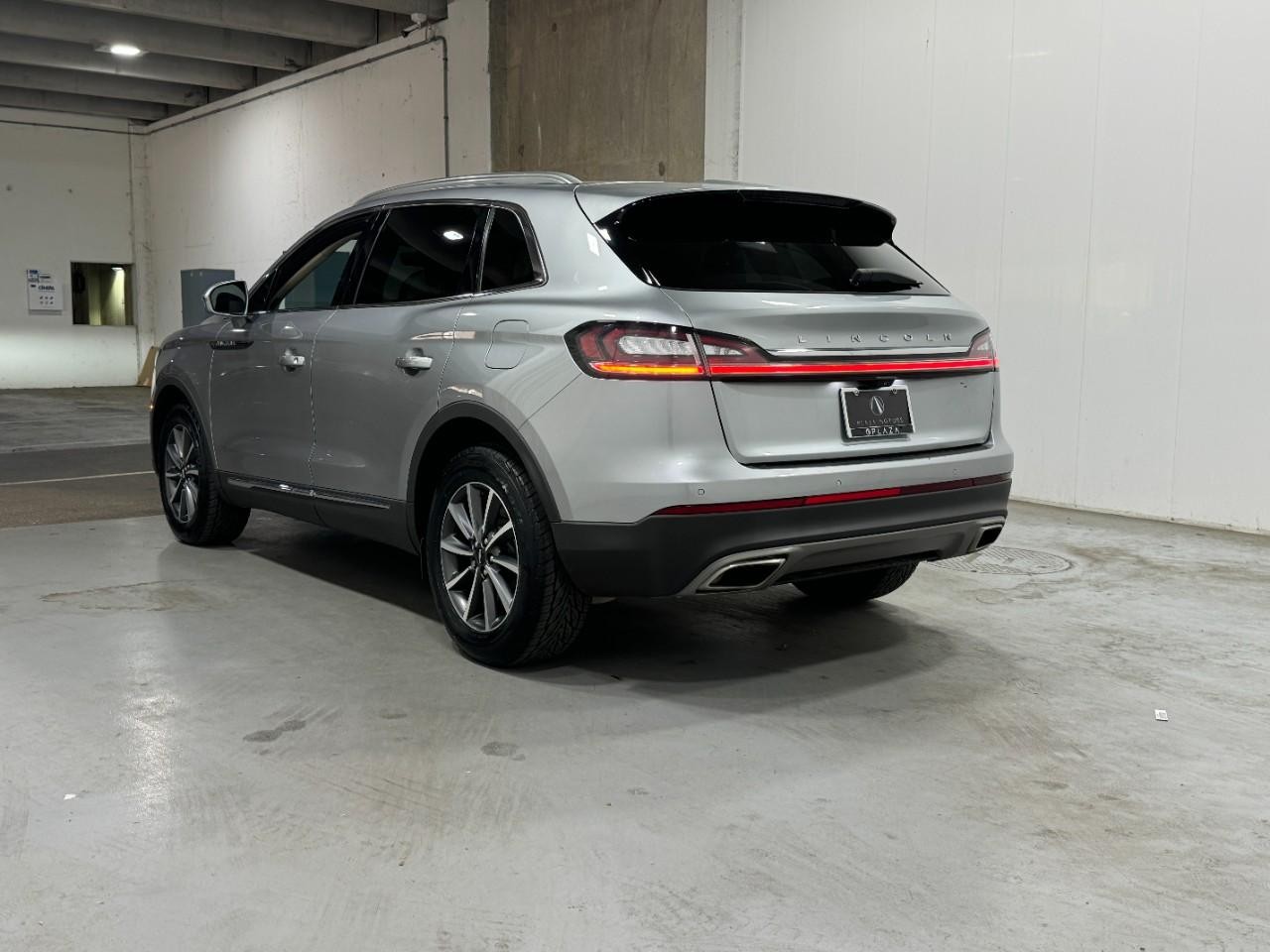 Lincoln Nautilus Vehicle Full-screen Gallery Image 3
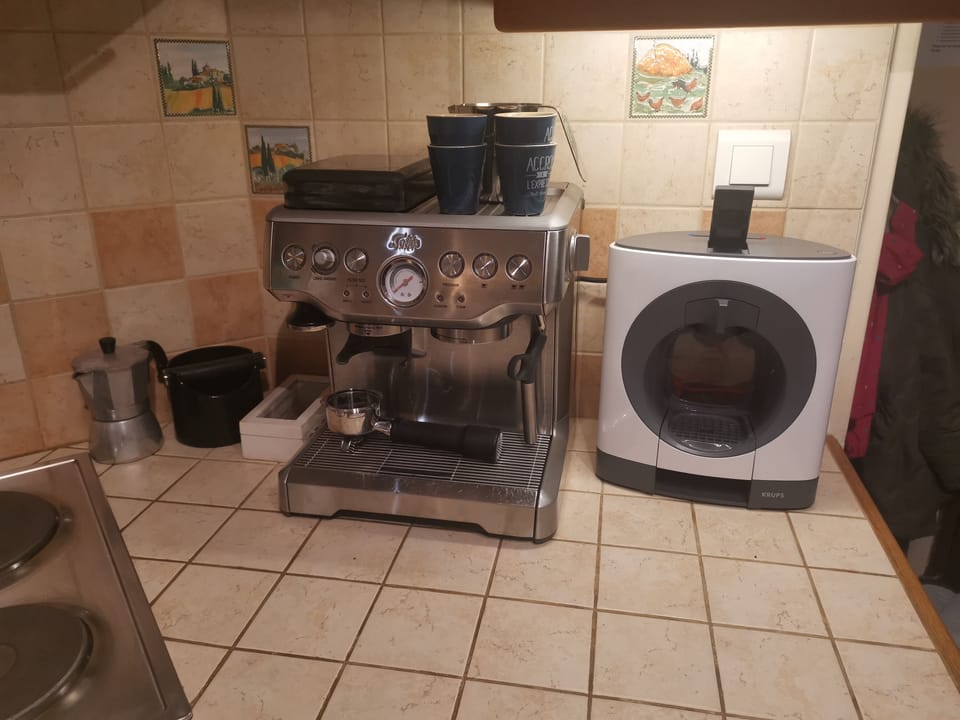 Espresso machine, perculator or nespresso pad coffee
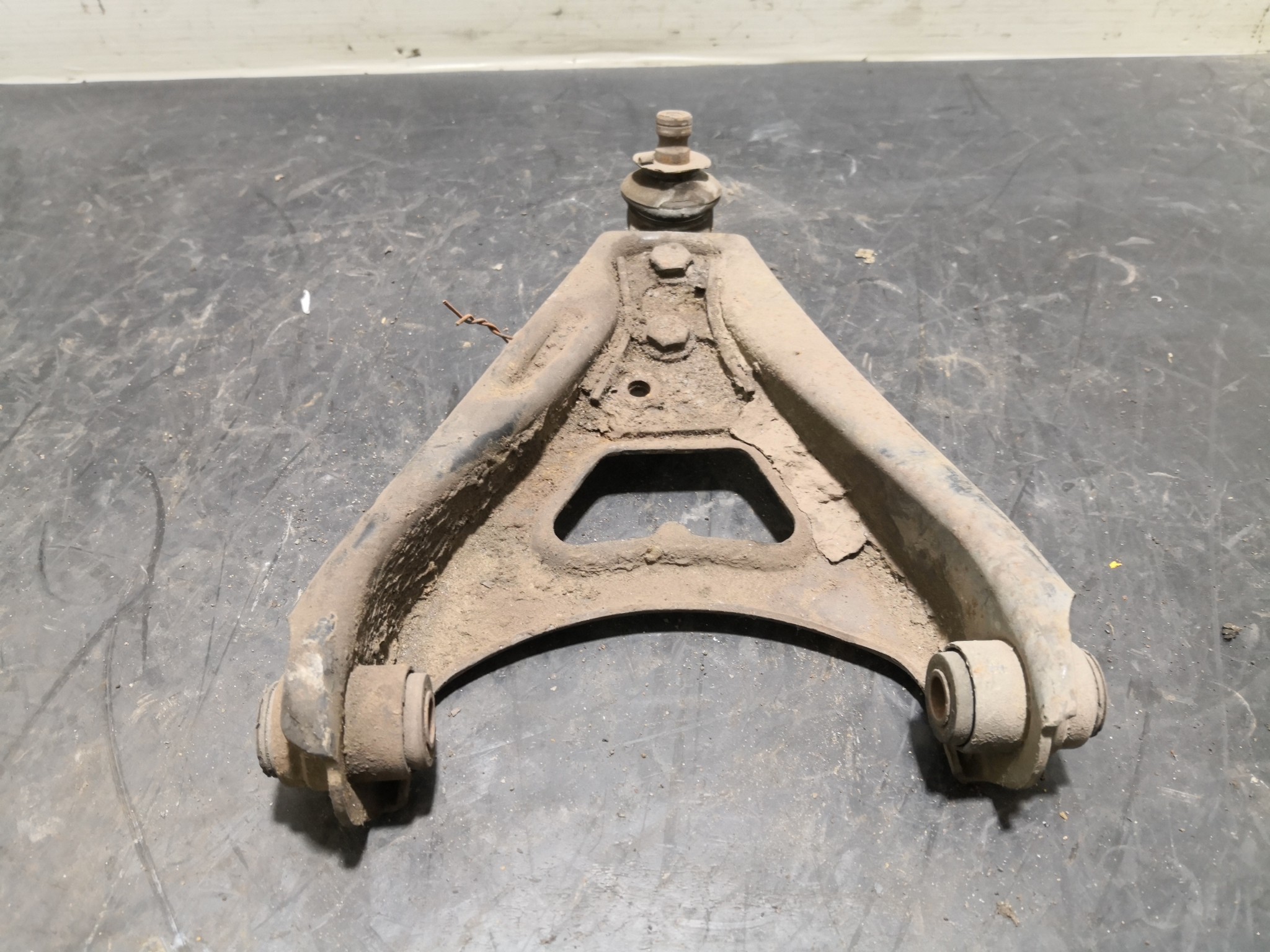 Braço Suspensão Frente Esq RENAULT EXPRESS | 89 - 98 Imagem-2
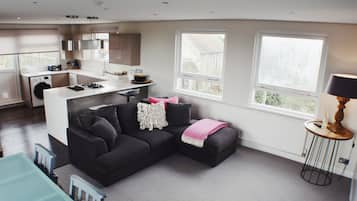 Panoramic Penthouse, 2 Bedrooms, Patio, Canal View | View from room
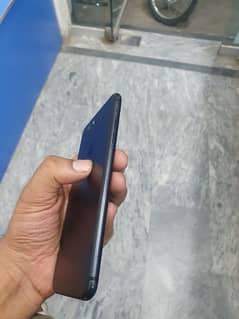 iphone 7  plus 128gb pta approved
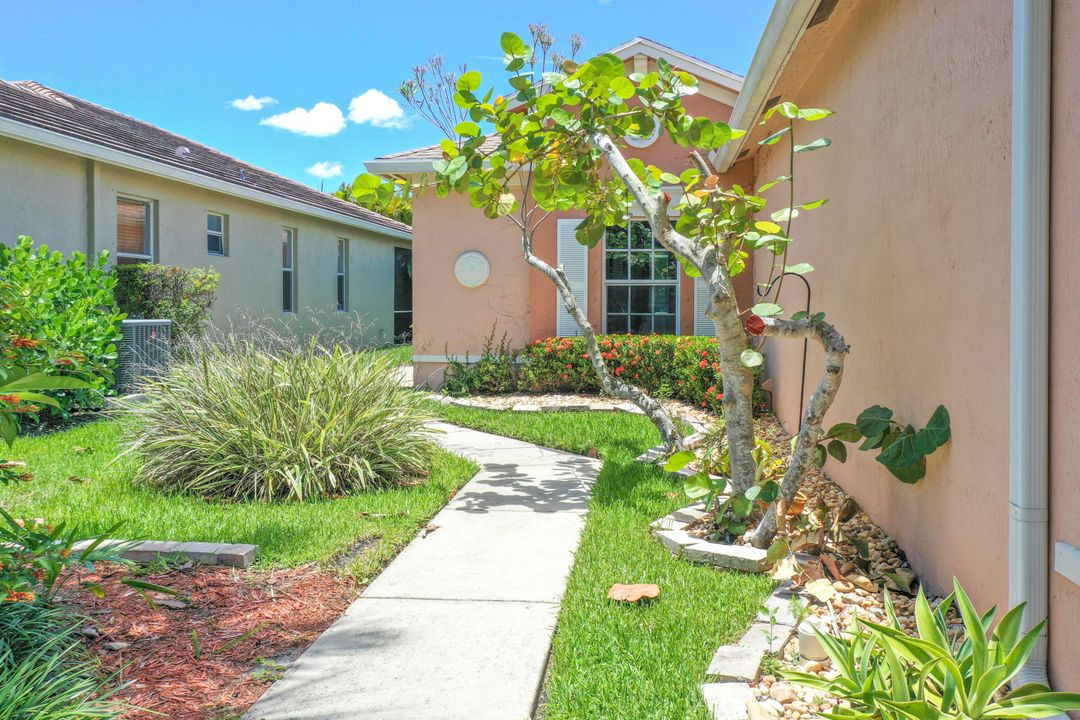 For Sale: $375,000 (3 beds, 2 baths, 1439 Square Feet)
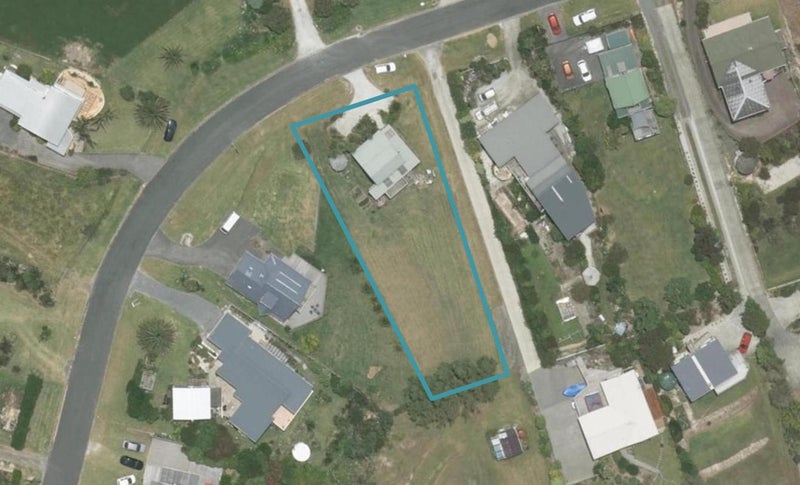 44 Cullen Street, Mangawhai Heads, Mangawhai - Carousel 1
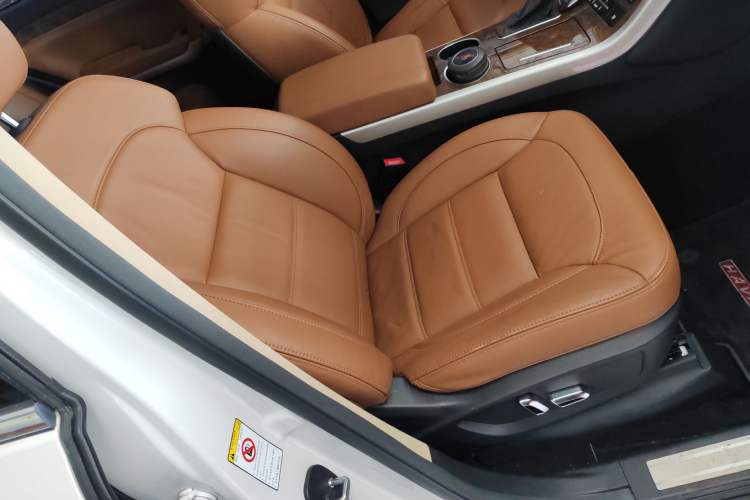 Used Haval H8 2015 2.0T Two-Wheel-Drive Luxury Version Right Front Seat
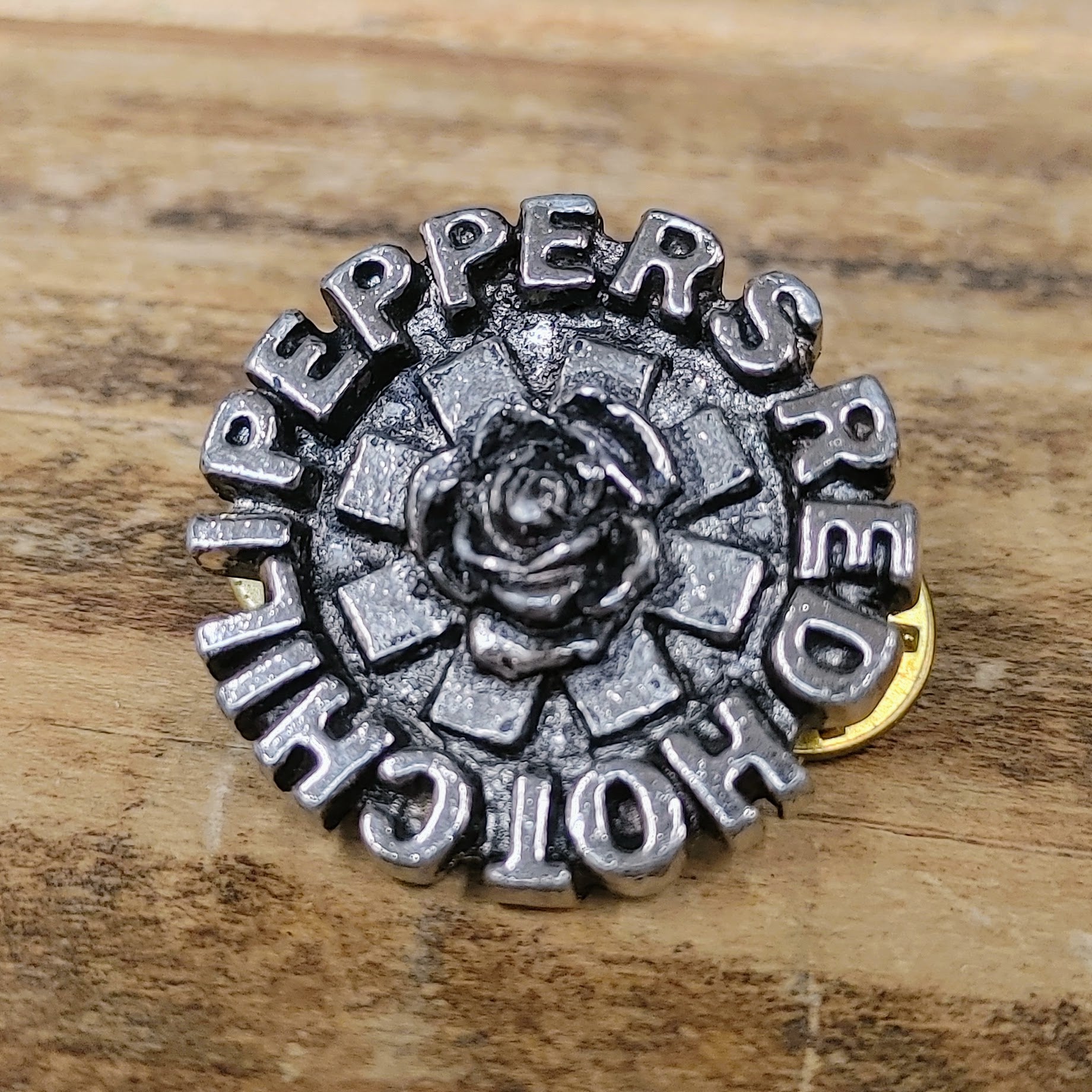 1990's RED HOT CHILI PEPPERS Metal Pin Badge – SK OLDIES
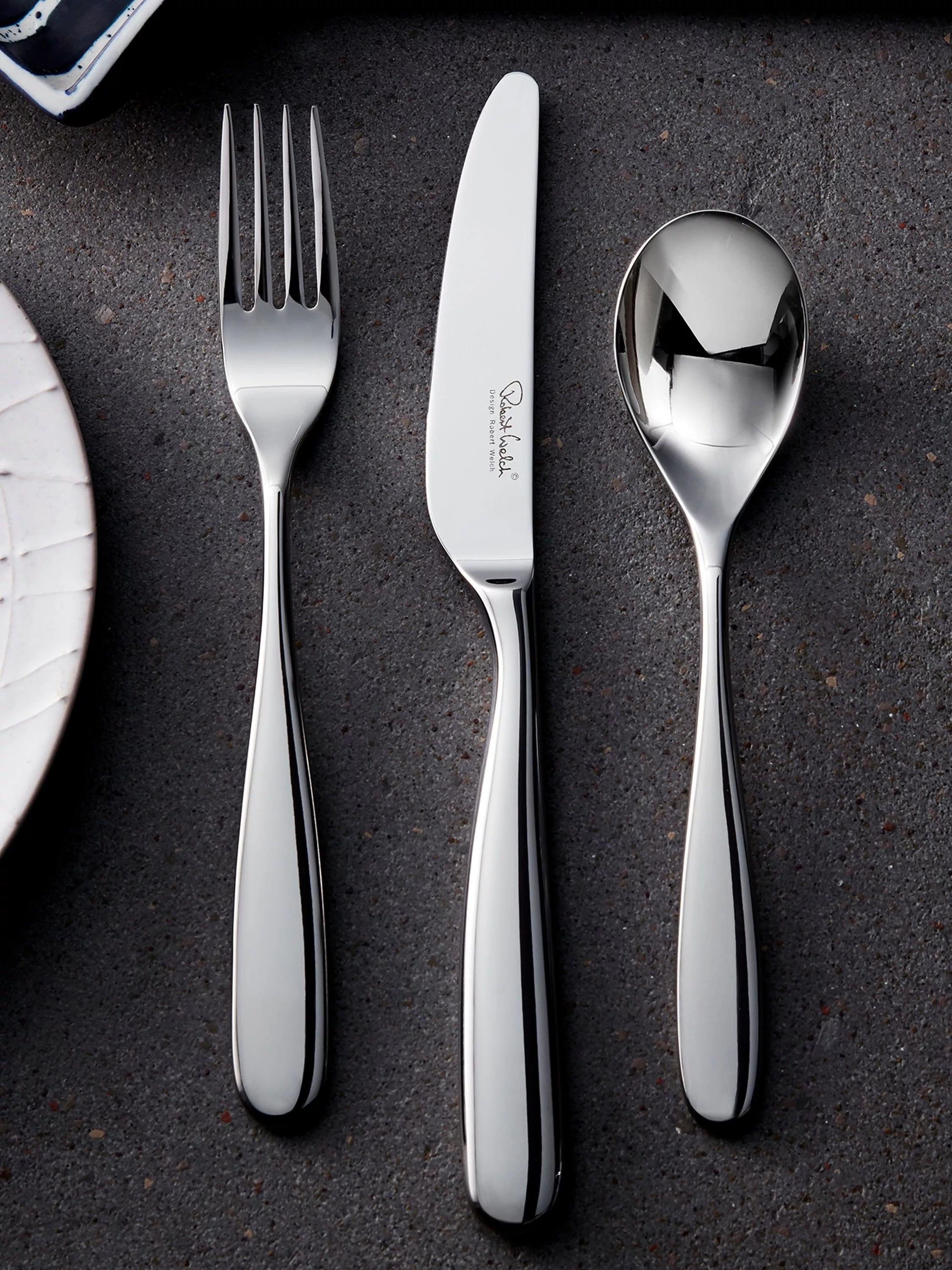 Robert Welch Stanton Bright cutlery set 56 piece 8 settings (British brand)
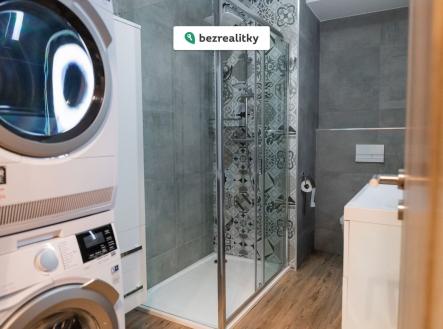 1763466672-mxrdipxkyu-1-2820-29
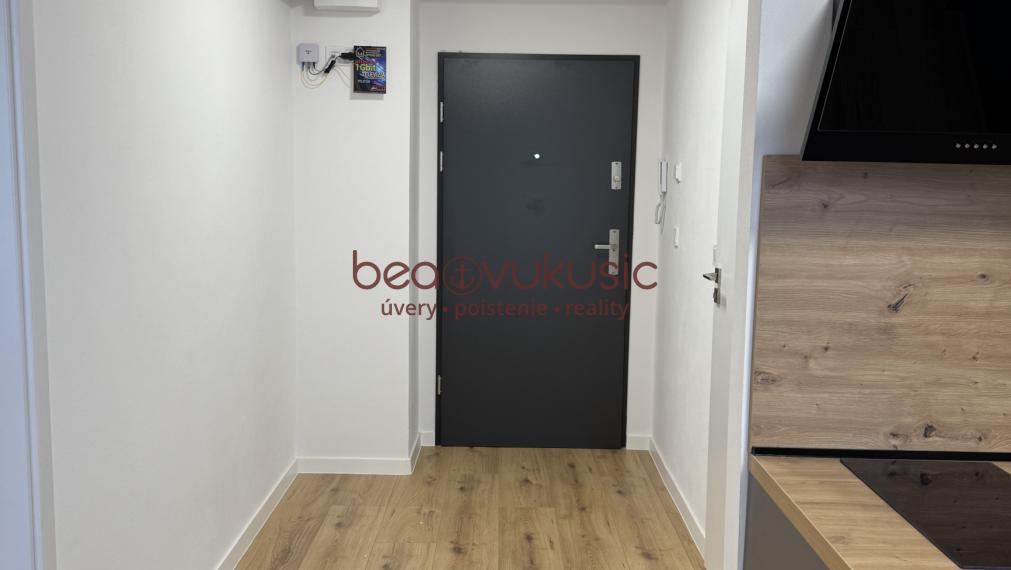 NA PRENÁJOM_1 izbový byt v obnovenom bytovom dome na 1. poschodí bez výťahu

Exercise objective :: Exactly as written, restate the listing above with its pictures omitted.

Task answer ::
 Lincoln Nautilus Vehicle Full-screen Gallery Image 3
 Espresso machine, perculator or nespresso pad coffee
 Braço Suspensão Frente Esq RENAULT EXPRESS | 89 - 98 Imagem-2
 Panoramic Penthouse, 2 Bedrooms, Patio, Canal View | View from room
 iphone 7  plus 128gb pta approved
 For Sale: $375,000 (3 beds, 2 baths, 1439 Square Feet)
 44 Cullen Street, Mangawhai Heads, Mangawhai - Carousel 1
 Used Haval H8 2015 2.0T Two-Wheel-Drive Luxury Version Right Front Seat
 1990's RED HOT CHILI PEPPERS Metal Pin Badge – SK OLDIES
 Robert Welch Stanton Bright cutlery set 56 piece 8 settings (British brand)
 1763466672-mxrdipxkyu-1-2820-29
 NA PRENÁJOM_1 izbový byt v obnovenom bytovom dome na 1. poschodí bez výťahu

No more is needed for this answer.